_Work required_:
Return, with both end lines included, exactly what the data below holds from the line with "Cartes d'independència a" through the line with "What's under Your Blanket 2 !? cover", though not the pictures.

_Available records_:
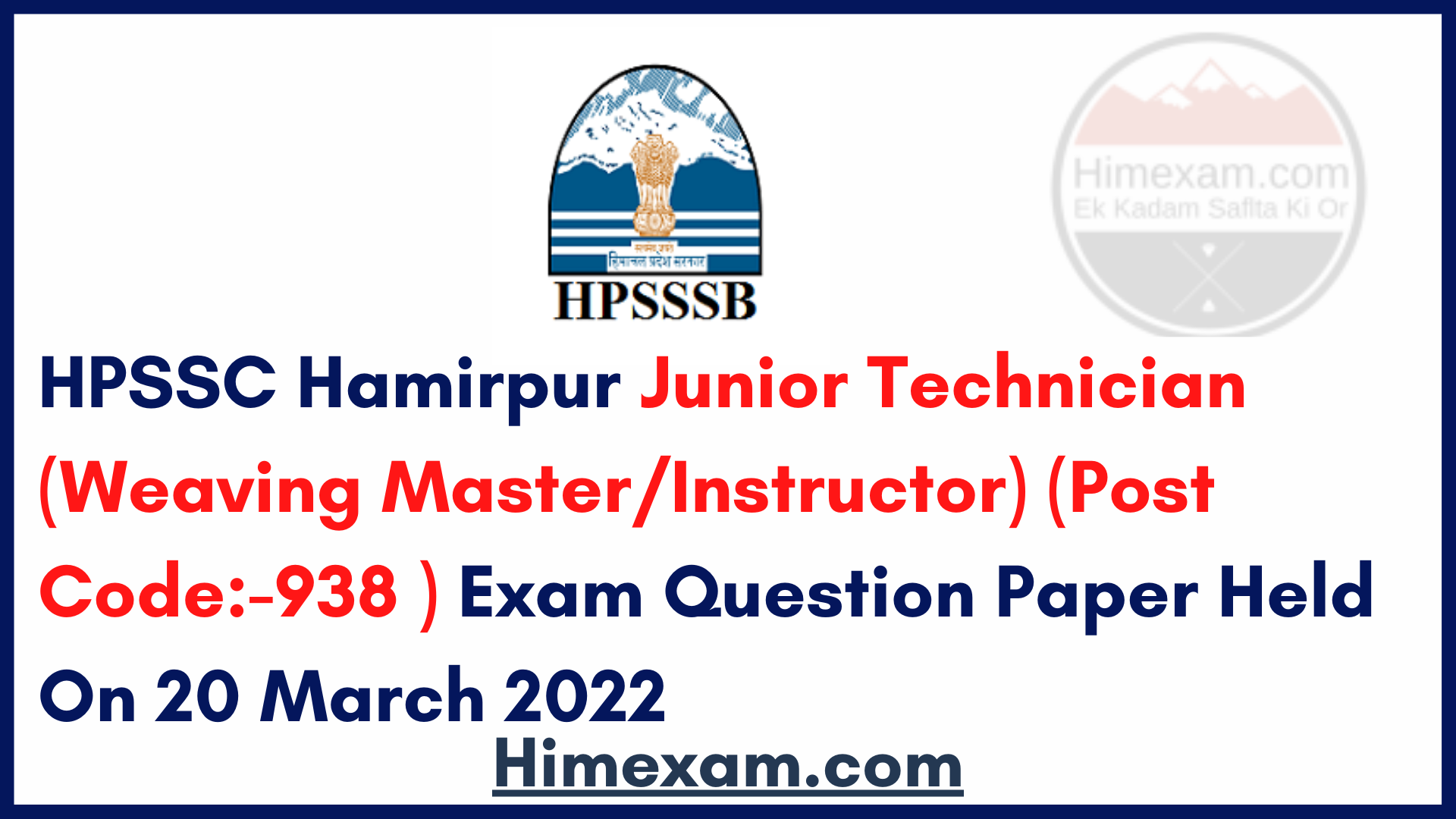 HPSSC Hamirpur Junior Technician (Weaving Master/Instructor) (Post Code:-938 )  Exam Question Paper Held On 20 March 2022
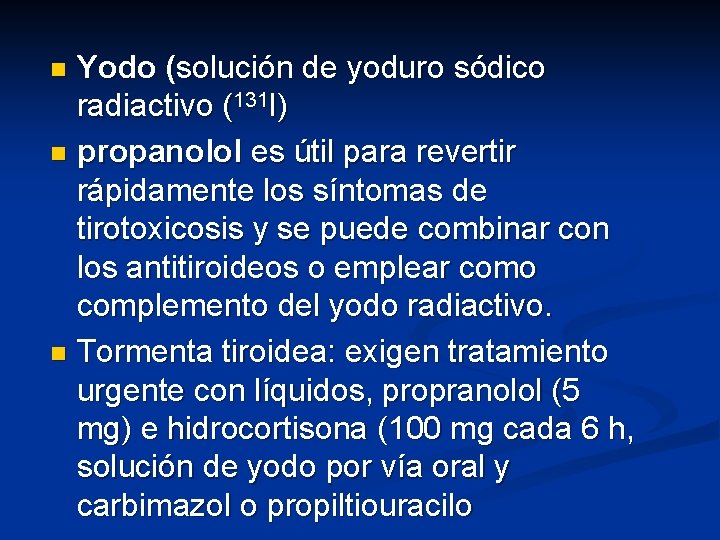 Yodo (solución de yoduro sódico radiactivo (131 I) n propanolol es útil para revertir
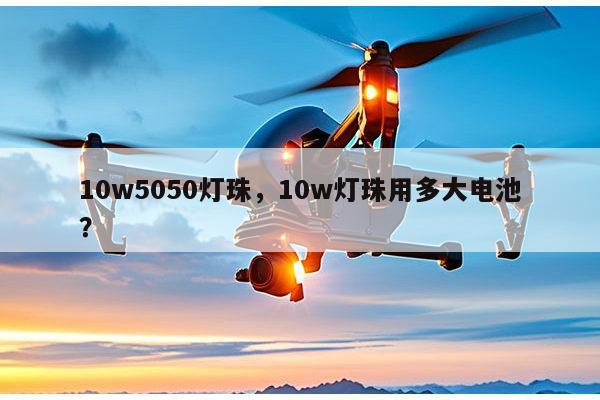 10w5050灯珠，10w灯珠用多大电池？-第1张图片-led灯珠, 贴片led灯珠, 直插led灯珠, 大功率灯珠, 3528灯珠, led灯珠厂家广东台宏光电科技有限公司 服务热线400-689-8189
--
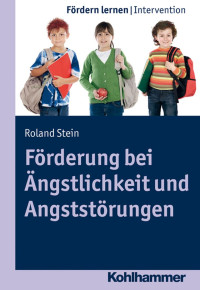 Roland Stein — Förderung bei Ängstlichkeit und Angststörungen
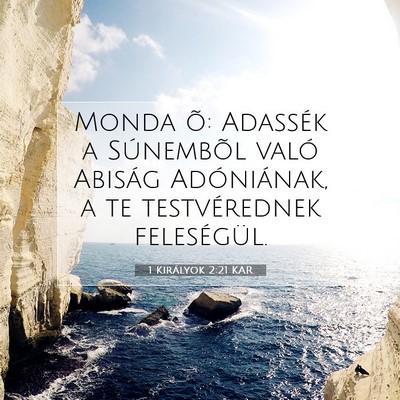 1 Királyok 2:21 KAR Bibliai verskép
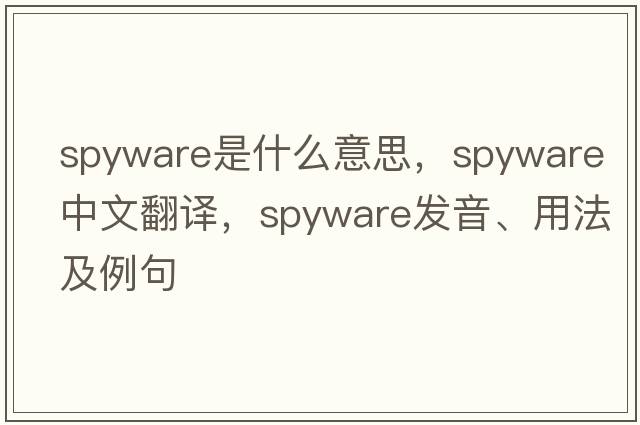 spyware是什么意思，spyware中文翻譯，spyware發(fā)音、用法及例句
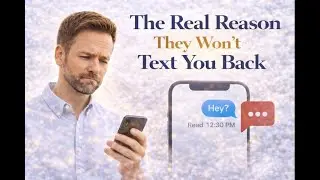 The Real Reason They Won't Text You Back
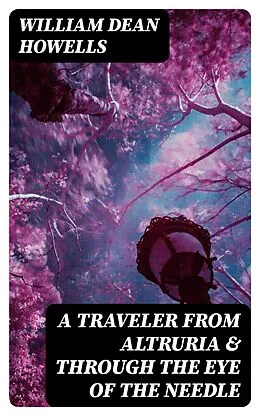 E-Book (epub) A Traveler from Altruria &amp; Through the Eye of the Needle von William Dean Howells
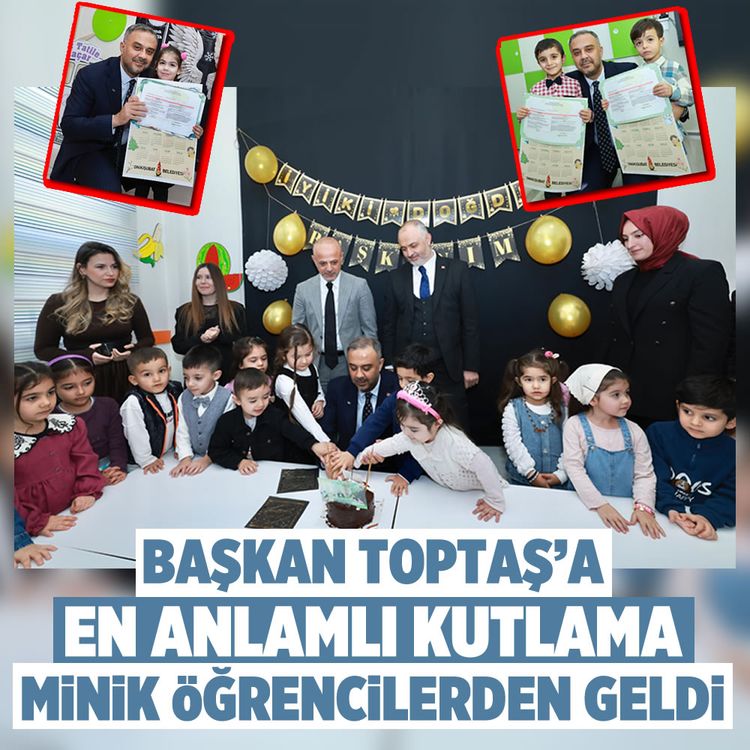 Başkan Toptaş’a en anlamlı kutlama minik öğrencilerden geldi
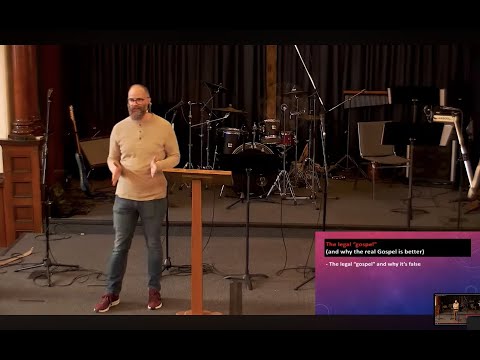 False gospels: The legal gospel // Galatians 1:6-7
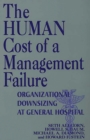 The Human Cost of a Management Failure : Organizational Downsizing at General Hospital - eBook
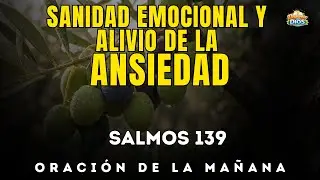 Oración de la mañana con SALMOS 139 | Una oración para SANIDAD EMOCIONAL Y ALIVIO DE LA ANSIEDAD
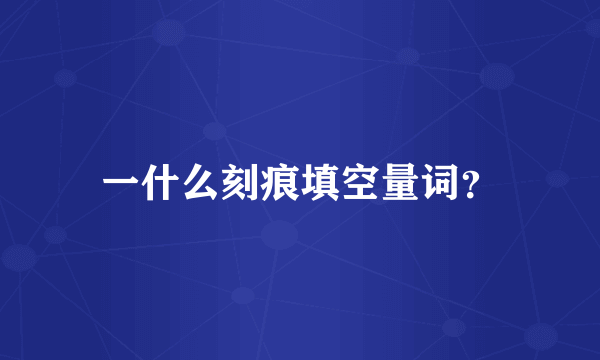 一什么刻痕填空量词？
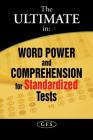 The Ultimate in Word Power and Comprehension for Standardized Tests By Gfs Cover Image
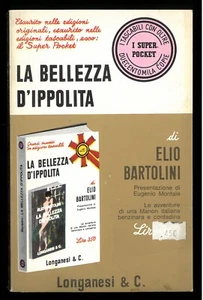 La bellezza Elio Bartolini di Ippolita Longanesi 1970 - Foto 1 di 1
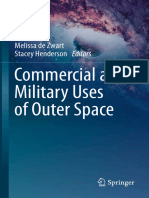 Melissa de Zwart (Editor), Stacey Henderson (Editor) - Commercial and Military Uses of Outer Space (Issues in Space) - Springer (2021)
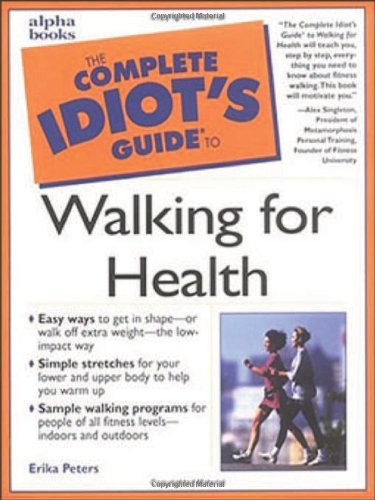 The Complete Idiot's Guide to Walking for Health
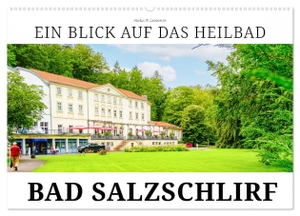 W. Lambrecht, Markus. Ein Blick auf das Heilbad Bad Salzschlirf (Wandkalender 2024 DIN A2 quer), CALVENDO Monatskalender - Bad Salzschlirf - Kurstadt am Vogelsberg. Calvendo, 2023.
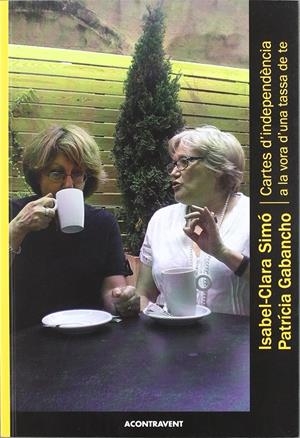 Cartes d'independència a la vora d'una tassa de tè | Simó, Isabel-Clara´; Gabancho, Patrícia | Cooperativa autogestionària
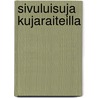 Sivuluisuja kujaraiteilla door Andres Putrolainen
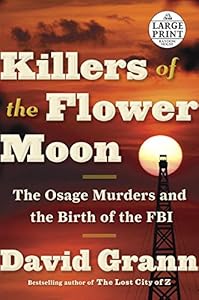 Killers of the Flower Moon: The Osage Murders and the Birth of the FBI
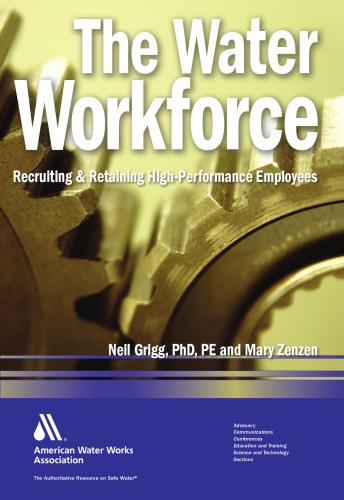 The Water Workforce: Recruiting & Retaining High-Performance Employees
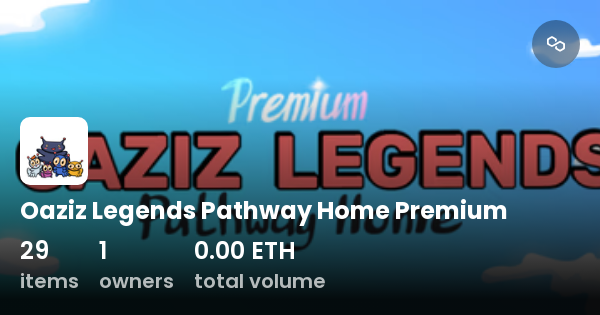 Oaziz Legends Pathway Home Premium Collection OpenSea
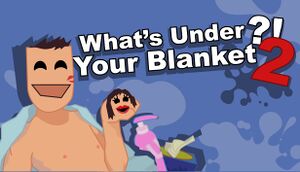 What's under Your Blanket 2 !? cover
==
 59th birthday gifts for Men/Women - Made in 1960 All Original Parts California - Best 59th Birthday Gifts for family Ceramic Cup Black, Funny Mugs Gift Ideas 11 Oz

_Output of the task_:
 Cartes d'independència a la vora d'una tassa de tè | Simó, Isabel-Clara´; Gabancho, Patrícia | Cooperativa autogestionària
 Sivuluisuja kujaraiteilla door Andres Putrolainen
 Killers of the Flower Moon: The Osage Murders and the Birth of the FBI
 The Water Workforce: Recruiting & Retaining High-Performance Employees
 Oaziz Legends Pathway Home Premium Collection OpenSea
 What's under Your Blanket 2 !? cover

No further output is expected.